24 december Mijn grote liefdes - deel 3
Door: Gea Wijers
Blijf op de hoogte en volg Gea
24 December 2005 | Cambodja, Phnom-Penh
Jullie voelden het de vorige keer al aankomen, deze liefdesverklaring. Ik hou van de architect: Vann Molyvann (geboren in Ream, Cambodja in 1926). Dat is me wel even een uitspraak. Natuurlijk houd ik van zijn werk, waar ik hieronder wat meer over ga vertellen. Maar ook van de persoon Vann Molyvann ben ik bijzonder onder de indruk, in al zijn bescheidenheid een groot mens.
Toen de onafhankelijkheid van Frankrijk in 1953 een feit was begon de stad ontzettend hard te groeien. Heel Cambodja zat in de economische lift door een stijging in de agrarische productie en veel werd geinvesteerd in de architectuur en stedenbouw van Phnom Penh en andere grotere steden. Koning Sihanouk dacht: “Ik wil een internationaal zichtbaar visitekaartje voor mijn onafhankelijke natie, lange neus naar de Fransen!” In 1956 werd Vann Molyvann, een jonge man van eind twintig die net terug was van zijn studie in Frankrijk, aangesteld als Directeur Stedenbouw en Habitat op het Ministerie van Openbare Werken. Een klein rekensommetje leert dat hij toen pas 30 was, maar met een illuster carrièrepad.
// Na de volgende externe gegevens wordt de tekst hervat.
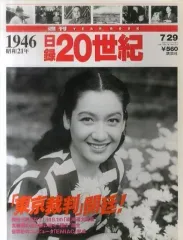 2025年最新】日録20世紀 週刊の人気アイテム - メルカリ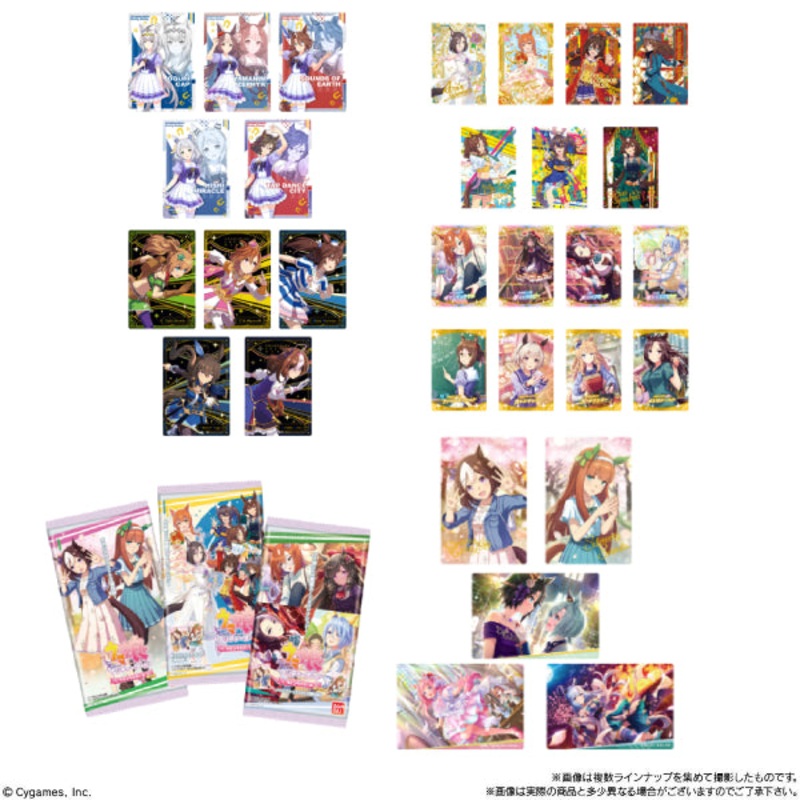 Uma Musume Pretty Derby Twin Wafer 7R (box of 20 packs)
Cum Laude afgestudeerd in de school van Le Corbusier, en met een groot netwerk aan interessante contacten in de internationale moderne beweging. Hij vond al snel zijn ideale partners in de Russische architect Vladimir Bodiansky en de urbanist Gerald Hanning die ook met het Modernisme waren geinfecteerd. Samen bouwden ze de infrastructuur en een aantal van de belangrijkste openbare gebouwen in Phnom Penh en Cambodja in de jaren ’60 en het begin van de jaren ’70. In 1962 werd Molyvann gepromoveerd tot Staatssecretaris Publieke Werken en hij heeft in deze functies zijn sterke stempel kunnen drukken.
Naar zijn mening is de “bouwbijbel”van Le Corbusier de perfecte moderne voortzetting van traditionele Khmer architectuur. Het bouwen op pilotis als vervolg op het bouwen op palen, het systeem van zonwering (pare-soleils) en oriëntatie perfect voortbouwend op de lokale expertise en het gebruik van beton een goedkope en goede vervanging voor het bouwen in hout. Daar komt nog bij de wens om van Phnom Penh een internationale metropool te maken. Een “ville-jardin” (of gardencity) zoals Le Corbusier dat voor ogen had. Vanaf 1960 wordt gebouwd aan het Phnom Penh t’mey (het nieuwe Phnom Penh). Een stad met een duidelijk publiek centrum, gescheiden verkeersstromen op de toevoerwegen en een functiescheiding tussen industriële, commerciële zones en woongebieden. Jammergenoeg was er door de bevolkingsexplosie veroorzaakt door de vluchtelingen voor de burgeroorlog al snel geen geld en tijd meer om met aandacht aan de stedenbouwkundige uitleg te bouwen. De Khmer Rouge rukte op vanuit het zuiden en stuwde een stroom van angstige burgers richting de stad. Maar kaderstellend is het vertaalde gedachtengoed van de moderne beweging gebleven.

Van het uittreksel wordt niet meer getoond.